C’è, in queste righe tutto il senso di oppressione di questo libro, da molti considerato un thriller e che, invece, è uno stillicidio di attimi, oggetti, parole. Joseph Bloch, ex portiere, si trova così, all’improvviso, senza lavoro. Da questo evento comincia il suo vagare senza meta, quasi sincopato, per una Vienna defilata e grigia. Non è la Vienna a cui si pensa di solito ma una porzione di città periferica, fatta di luoghi e situazioni provvisorie e di passaggio. In questa insistita provvisorietà e mancanza di senso, Bloch ucciderà, senza motivo, la ragazza con cui ha passato la notte.

Ma se questo è forse l’unico “episodio” che potrebbe far parlare di un thriller, è paradossalmente lo stesso episodio che smonta la logica del thriller introducendo l’assoluta aleatorietà del gesto in sé e di tutto ciò che ne consegue. Handke mette insieme una trama-non trama in cui stasi e movimento si alternano in quello che appare come un ininterrotto piano sequenza, fatto di pensieri ossessivi, domande e dialoghi in cui nessuno parla e nessuno ascolta davvero.

Bloch agisce e si muove come se si vedesse agire e muoversi, in una realtà in cui tutto assume una oggettivazione parossistica: ogni oggetto diventa qualcosa dai contorni nitidissimi, talmente nitidi da perdere importanza. Bloch si muove nella più totale solitudine, in uno stato di perenne incertezza e percepito accerchiamento in cui tutto, per lui, diventa una pericolosa allusione a sé stesso, un rimando a ciò che ha fatto e a ciò che dovrebbe fare.

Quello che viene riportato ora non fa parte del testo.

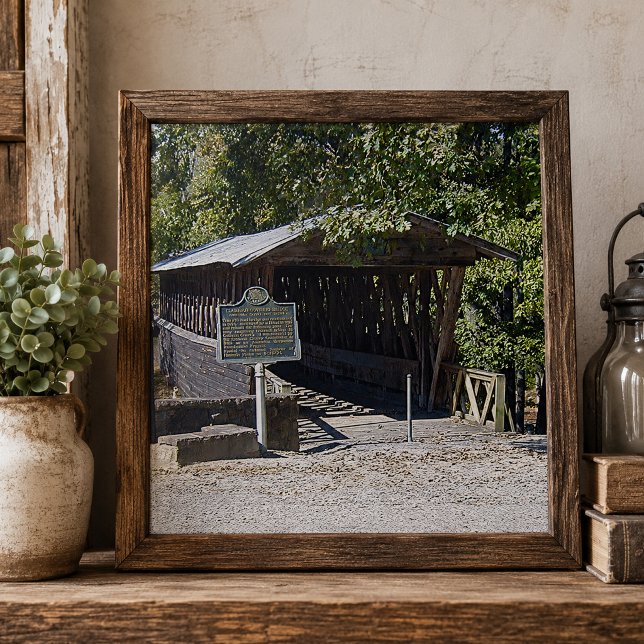 Clarkson Covered Bridge Alabama  Kakelplatta (Clarkson Covered Bridge Alabama Ceramic Tile)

Un libro questo Prima del calcio di rigore che usa la ripetizione quasi come un mantra, un’ipnosi ossessiva in cui la realtà, gli oggetti e le parole arrivano proprio con la stessa tensione paranoica di un tiro in porta. Che può arrivare da qualunque parte. Un libro in cui il tempo viene sospeso e distorto, in cui l’Altro viene assunto come fosse una sostanza addomesticabile, prevedibile. Per questo Bloch proverà disgusto, nausea, fastidio. Bloch più che vittima della realtà, ammesso che esista, è vittima dell’interpretazione della realtà. E, forse, il vero delitto è questo.

Geraldine Meyer

3 pensieri su “Peter Handke e l’angoscia

  1. E’ la stessa angoscia che si prova quando finisce un periodo della propria vita e ci si trova davanti a un vuoto che sembra incolmabile. Si comincia a vivere in un presente onirico dove non si riconoscono i gesti e i pensieri che prima erano finalizzati e ben definiti. E’ il limbo, la mancanza di senso, la vacuità di un presente sfumato senza nessuna idea di un futuro. Veramente angosciante.